----- TASK INPUTS

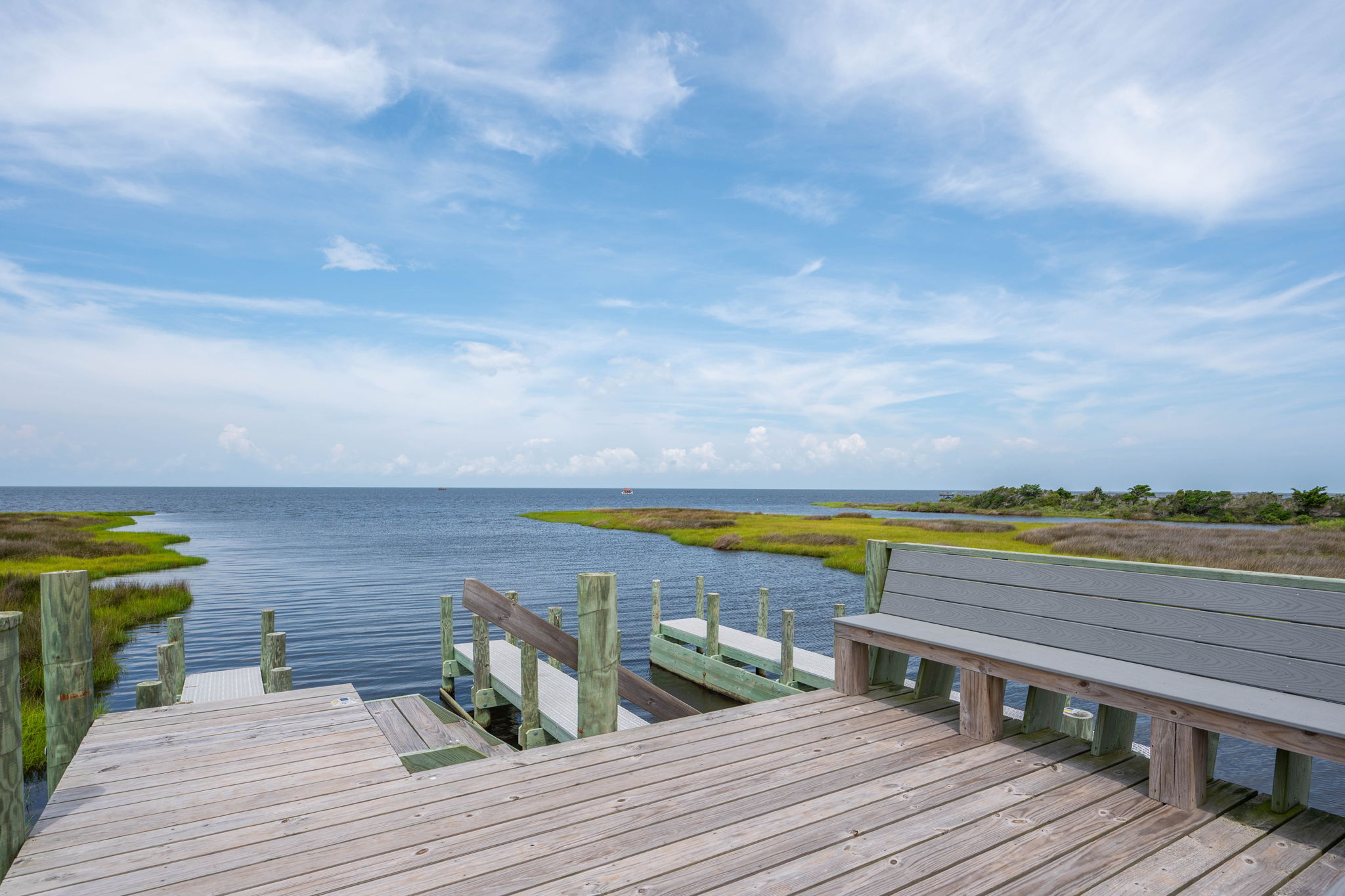 27197-Jackson-Rd-Private-Dock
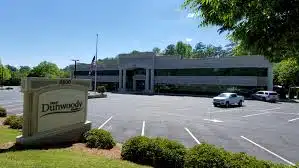 Dunwoody, GA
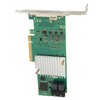 LSI SAS3008 Array Card 8 Port 12Gb/s PCIE 3.0 Plug
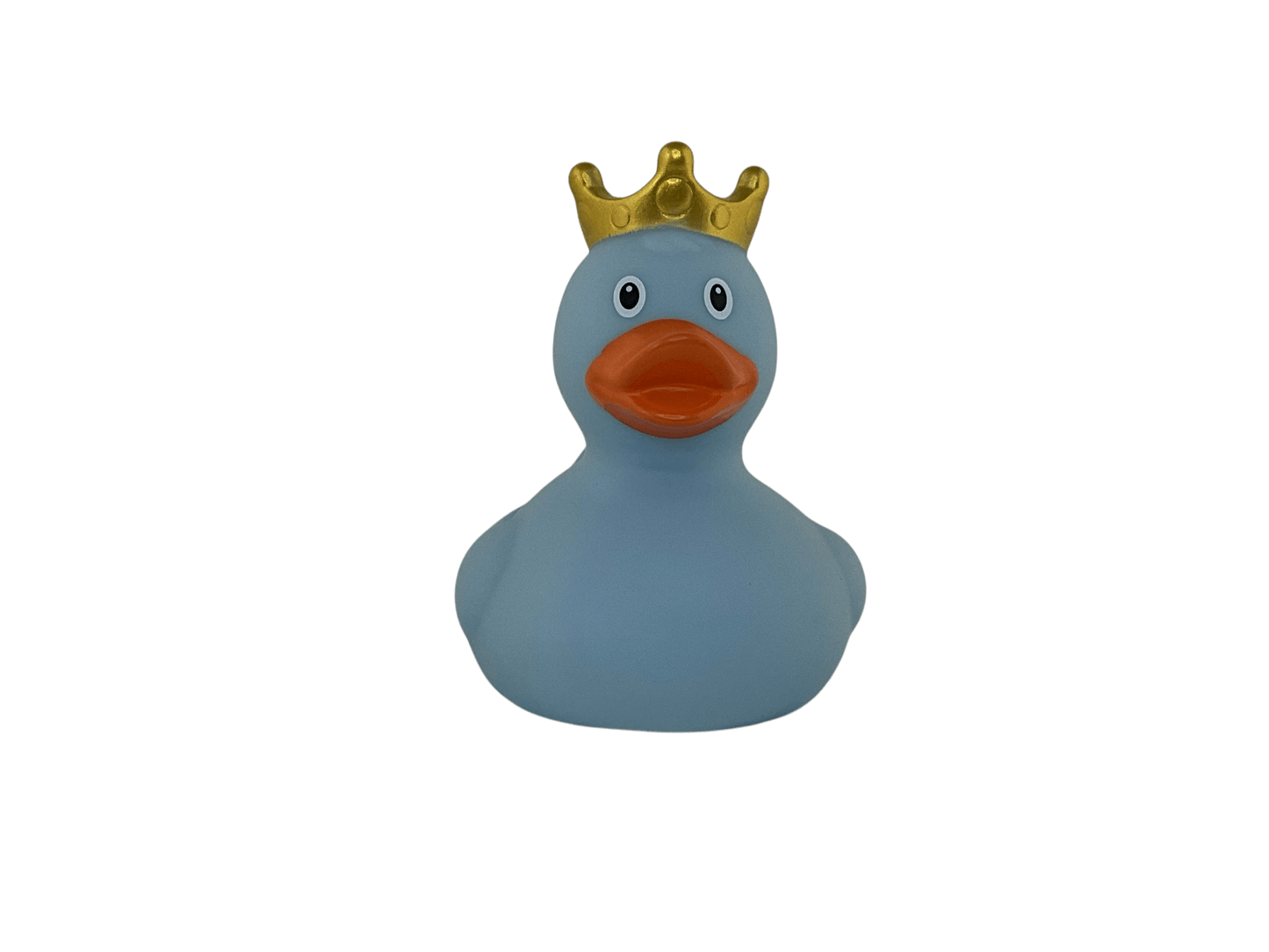 Gold Crown Blue dwl 2053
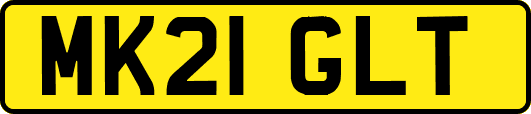 MK21GLT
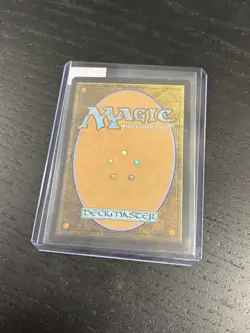 Vampiric Tutor Eternal Masters Regular - Image 2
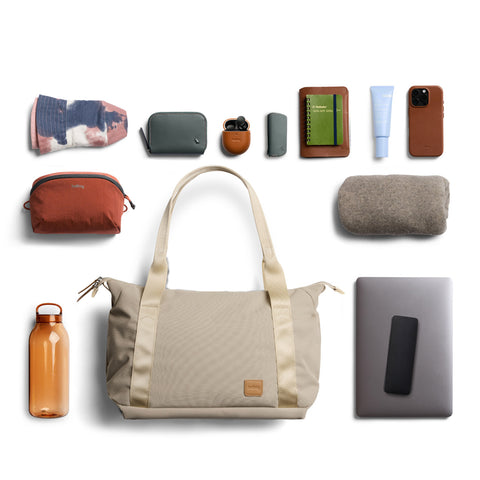 Classic Tote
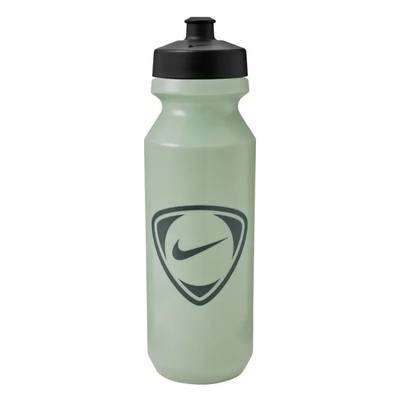 Пляшка Nike BIG MOUTH BOTTLE 2.0 32 OZ DT-N.000.0041.081.32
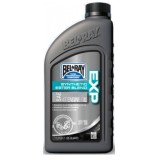 Ulei motor 4T Bel-Ray 20W50 EXP Synthetic Ester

----------

Quote the entries above word for word. Leave the images out.

 27197-Jackson-Rd-Private-Dock
 Dunwoody, GA
 LSI SAS3008 Array Card 8 Port 12Gb/s PCIE 3.0 Plug
 Gold Crown Blue dwl 2053
 MK21GLT
 Vampiric Tutor Eternal Masters Regular - Image 2
 Classic Tote
 Пляшка Nike BIG MOUTH BOTTLE 2.0 32 OZ DT-N.000.0041.081.32
 Ulei motor 4T Bel-Ray 20W50 EXP Synthetic Ester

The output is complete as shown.